The program also acquired a second motor launch, so that the coaches could split up to monitor the less experienced rowers and their more seasoned colleagues separately.

A few seasons ago, highly-successful boys’ and girls’ doubles served notice that Penn Charter crew was for real, and the parents’ role in purchasing a team tent (a staple of riverbank spectating and tailgating) and a small cargo trailer reflected the momentum that was building behind the program.

“The school could see the caliber of athletes we were starting to attract, and how supportive the parents were, Farrell said. “The Penn Charter administration and Dr. Ford in particular recognized that and made a big investment in the program.”

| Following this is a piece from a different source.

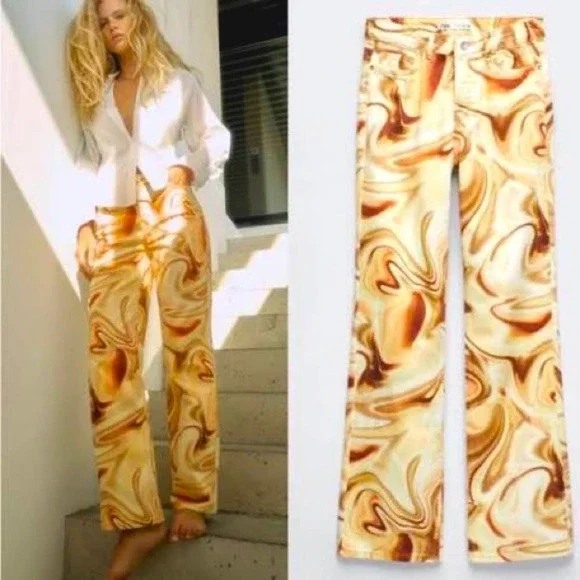 NWT ZARA Mid Rise Straight Leg Brown Swirl Jeans, size 0 - Picture 10 of 13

Even after the 2015 scholastic season wrapped up, the Quakers’ top rowers continued to excel. At the Independence Day Regatta, Stanley and Gleason raced together in a quad that won a gold medal, and White brought home bronze as part of a different quartet.

As Farrell noted, “The success that some of the rowers are having in the summer will probably inspire others to row in the summer and to put in more work in the off-season in general. That’s how your program grows and moves forward.”

This fall, she plans to introduce a younger set of Penn Charter students to the sport by staging some “learn-to-row” events for middle-schoolers down at the boathouse.

The young coach’s commitment is bound to be contagious. She stated, “Crew has changed my life, and that’s why I love coaching and giving that same opportunity to young people.”